REPUBLIKA.CO.ID, JAKARTA -- Anggota Fraksi Partai Demokrat, Gede Pasek Suardika menilai dalam konteks revisi Undang-Undang Anggaran Pendapatan dan Belanja Negara (APBN), domainnya berasal dari pemerintah.
Oleh sebab itu, Pasek menilai tidak mungkin ada postur APBNP tandingan termasuk dari Partai Demokrasi Indonesia (PDI) Perjuangan dan Partai Keadilan Sejahtera (PKS). "Ini berbeda dengan UU di luar APBNP sehingga tidak memadai," ujar Pasek.
Menurut Pasek, sudah selayaknya Rapat Paripurna DPR hari ini, Senin (17/6), segera mengambil keputusan.
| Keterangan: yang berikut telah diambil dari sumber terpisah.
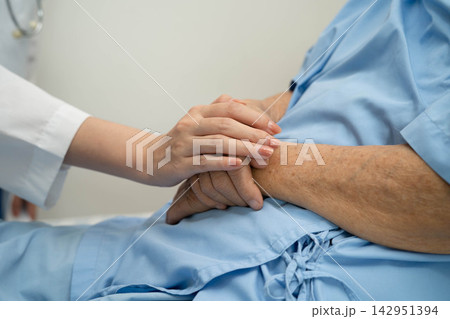 Asian doctor checking and treat elderly woman patient health in hospital. 142951394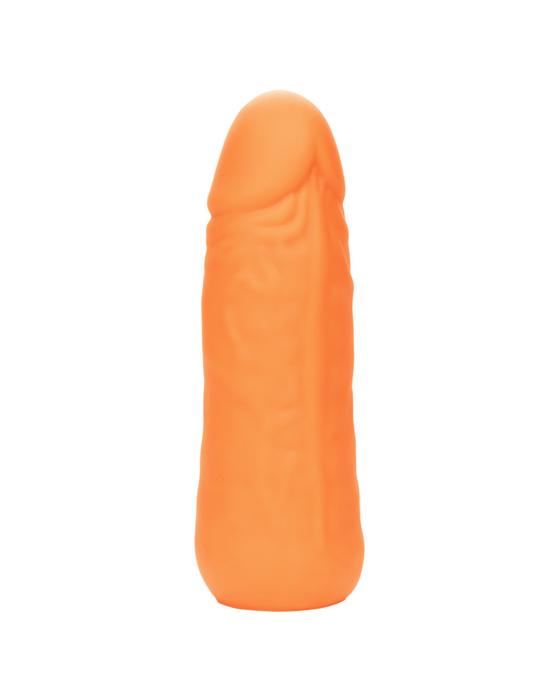 A close-up view of the Vibrating Stud Mini Cock Shaped Bullet Vibrator - Orange by CalExotics, featuring detailed ridges and textures, crafted from body-safe silicone.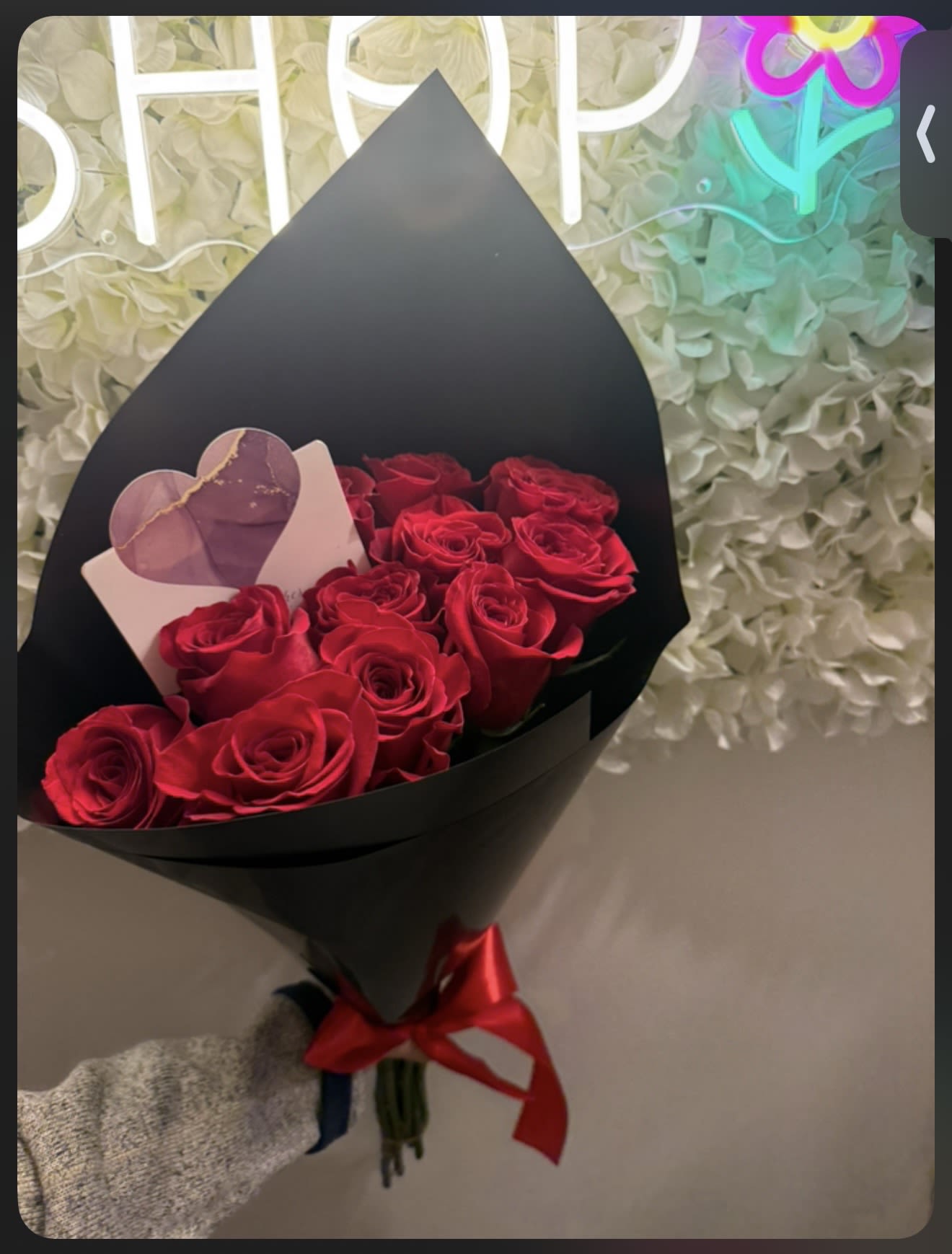 Bouquet of red roses wrapped in black paper with a red ribbon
Seluruh keputusan tentu untuk kepentingan rakyat. "Tapi, perspektif mana yang diterima masyarakat," kata Pasek.
Anggota Fraksi Partai Demokrasi Indonesia Perjuangan Ario Bima mengatakan postur APBNP tandingan yang diajukan PDIP disebabkan adanya keinginan pemerintah menaikkan harga bahan bakar minyak (BBM) bersubsidi.
Ario menilai terdapat konstruksi pemikiran yang salah dari klaim pemerintah. Pemerintah menyebut 80 persen yang menikmati subsidi BBM adalah orang mampu. "Saya katakan tidak benar," kata Ario.
Menurut Ario, sebagian besar pengguna BBM subsidi adalah rakyat kecil yang menggunakan sepeda motor sebesar 40 persen. "Itu fakta data dari BPS," ujar Ario.
Lebih lanjut, Ario mengatakan kenaikan harga BBM subsidi tak bisa dilepaskan dari mindset liberalisasi ekonomi. Dengan demikian, BBM adalah hak rakyat untuk menggunakannya sehingga tak dapat dianggap sebagai beban anggaran.
"Ini sangat bertentangan dengan konstitusi. PDIP tidak asal menolak tapi memberikan alternatif," katanya menegaskan.